# Source data:
--- START ---
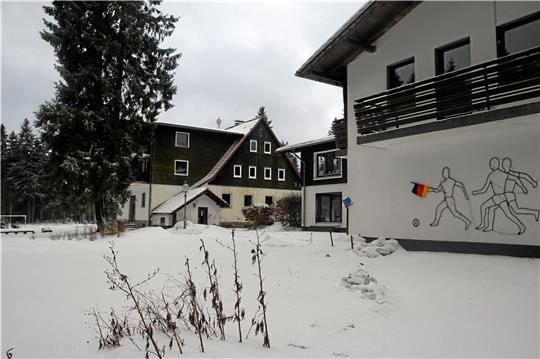 Die beiden Gebäude des ehemaligen Schullandheims Herbert Balke in Königskrug sollen durch einen Anbau miteinander verbunden werden, in dem ein Restaurant entstehen soll. Archivfoto: Eggers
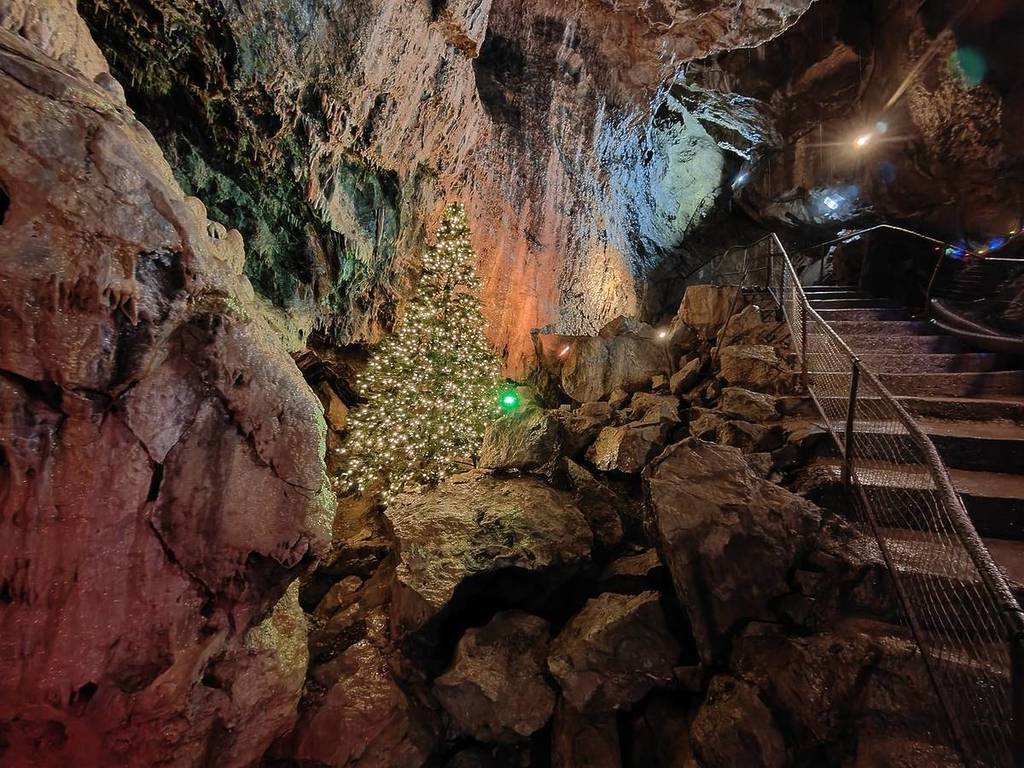 Castleton Is The Most Magical Place To Visit This Christmas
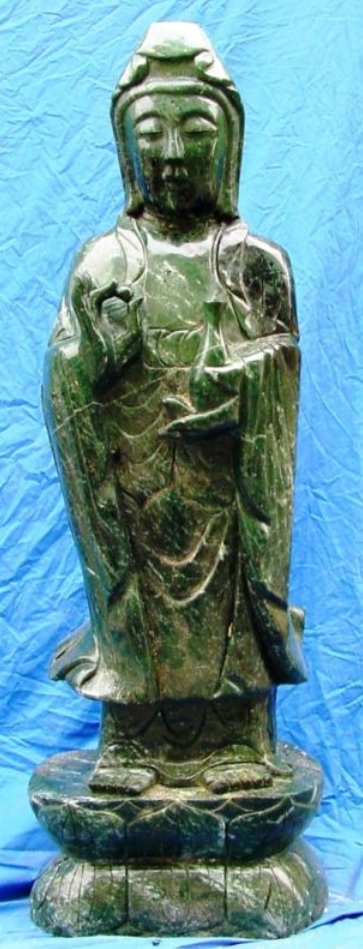 jade kwan yin statue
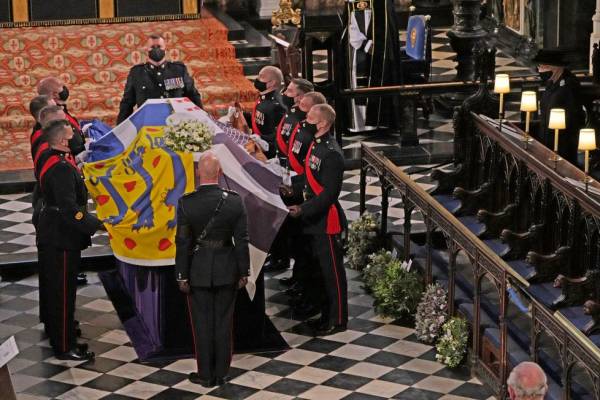 Η κηδεία του Πρίγκιπα Φίλιππου (βίντεο)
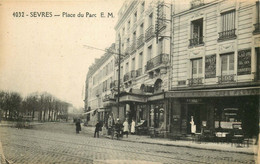 HAUTS DE SEINE   SEVRES  Place Du Parc - Sevres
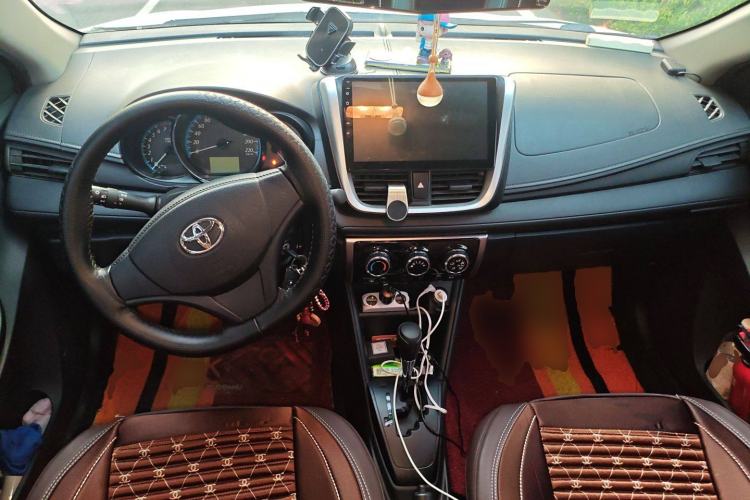 Used Toyota YARiS L Zhi Xiang 2019 1.5E CVT Dynamic Edition China VI compliant Center Console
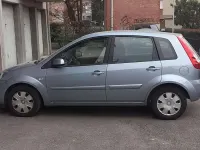 Usata Ford Fiesta Ambiente 75 CV (55 kW) 2007 Blu/azzurro Utilitaria
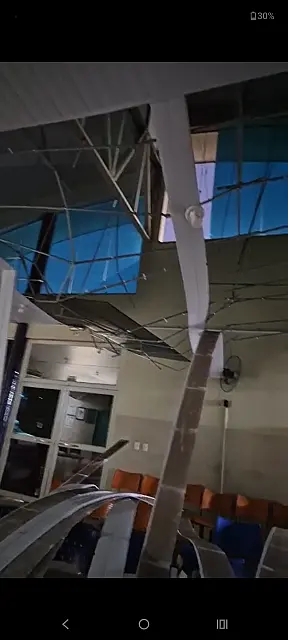 Teto da UPA Universitário desaba durante temporal em Campo Grande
--- END ---
# Work request:
Return exactly the lines running from the line with "Castleton Is The" through the final line of the listing. Leave the pictures out.

# Answer below:
 Castleton Is The Most Magical Place To Visit This Christmas
 jade kwan yin statue
 Η κηδεία του Πρίγκιπα Φίλιππου (βίντεο)
 HAUTS DE SEINE   SEVRES  Place Du Parc - Sevres
 Used Toyota YARiS L Zhi Xiang 2019 1.5E CVT Dynamic Edition China VI compliant Center Console
 Usata Ford Fiesta Ambiente 75 CV (55 kW) 2007 Blu/azzurro Utilitaria
 Teto da UPA Universitário desaba durante temporal em Campo Grande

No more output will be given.